### Records supplied

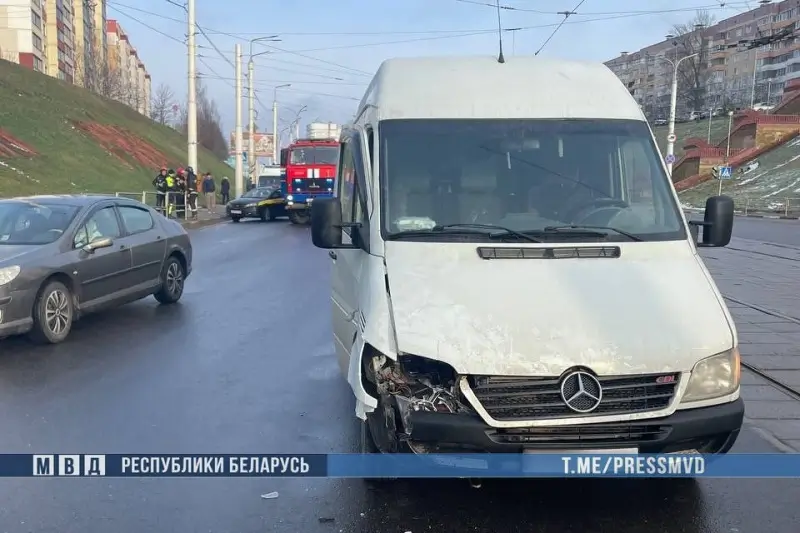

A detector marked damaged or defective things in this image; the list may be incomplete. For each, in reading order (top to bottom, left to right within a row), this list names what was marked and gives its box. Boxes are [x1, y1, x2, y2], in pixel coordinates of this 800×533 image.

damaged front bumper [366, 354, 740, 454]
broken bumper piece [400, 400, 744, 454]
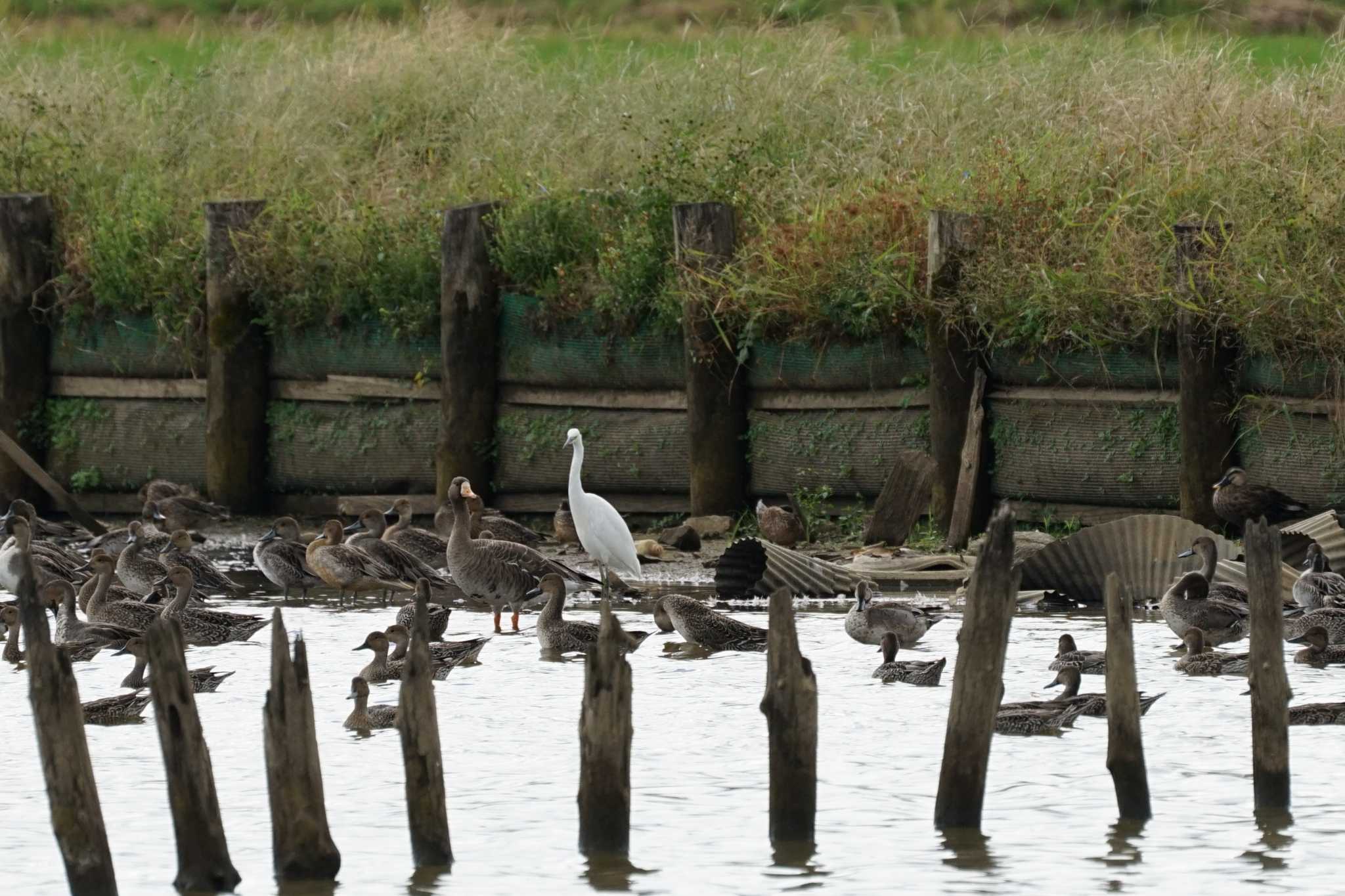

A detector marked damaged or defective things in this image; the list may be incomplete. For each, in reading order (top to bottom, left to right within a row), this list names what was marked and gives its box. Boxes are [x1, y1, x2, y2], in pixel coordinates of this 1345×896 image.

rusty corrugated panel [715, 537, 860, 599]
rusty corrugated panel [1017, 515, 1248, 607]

######
### Records supplied

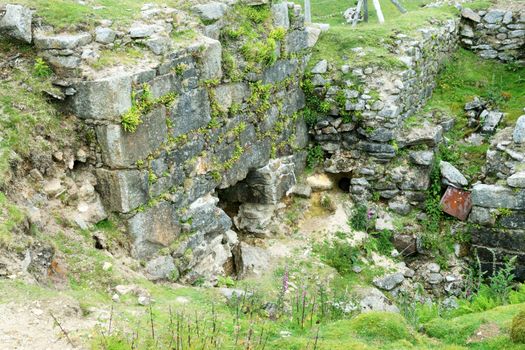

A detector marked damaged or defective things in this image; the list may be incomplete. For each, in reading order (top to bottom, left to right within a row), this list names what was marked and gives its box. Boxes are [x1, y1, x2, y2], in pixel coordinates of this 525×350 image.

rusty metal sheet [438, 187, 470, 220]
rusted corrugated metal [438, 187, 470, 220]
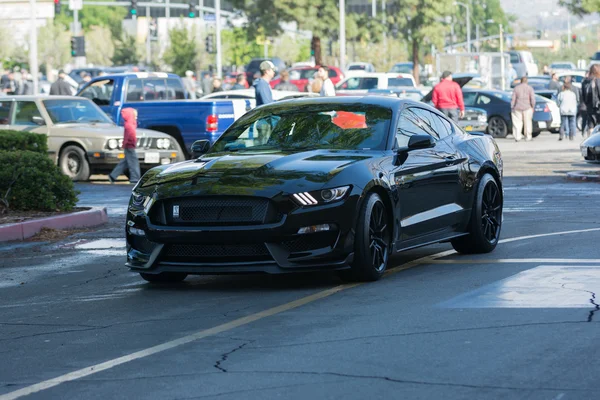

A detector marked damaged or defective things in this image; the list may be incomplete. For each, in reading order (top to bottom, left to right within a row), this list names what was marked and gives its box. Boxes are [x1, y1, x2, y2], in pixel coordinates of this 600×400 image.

######
### Records supplied

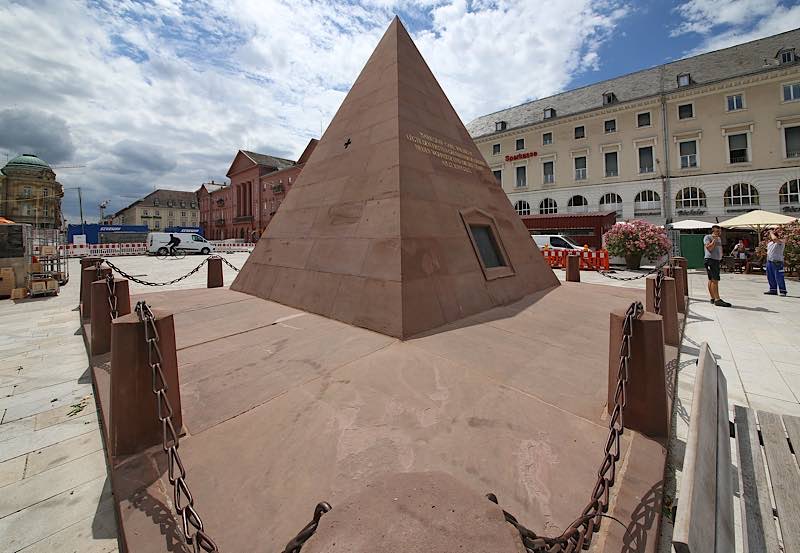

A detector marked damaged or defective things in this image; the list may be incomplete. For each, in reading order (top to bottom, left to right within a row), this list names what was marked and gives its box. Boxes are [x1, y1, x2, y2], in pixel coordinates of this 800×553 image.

######

▸ **Exercise instructions**: Between and including the line with "this 525×350 image." and the line with "this 600×400 image.", repeat every line exactly as it appears above, with pictures left out.

▸ **Output for this exercise**:
A detector marked damaged or defective things in this image; the list may be incomplete. For each, in reading order (top to bottom, left to right within a row), this list names what was marked and gives its box. Boxes are [x1, y1, x2, y2], in pixel coordinates of this 525×350 image.

rusty metal sheet [438, 187, 470, 220]
rusted corrugated metal [438, 187, 470, 220]

A detector marked damaged or defective things in this image; the list may be incomplete. For each, in reading order (top to bottom, left to right within a row), this list names what was marked and gives its box. Boxes are [x1, y1, x2, y2], in pixel coordinates of this 600×400 image.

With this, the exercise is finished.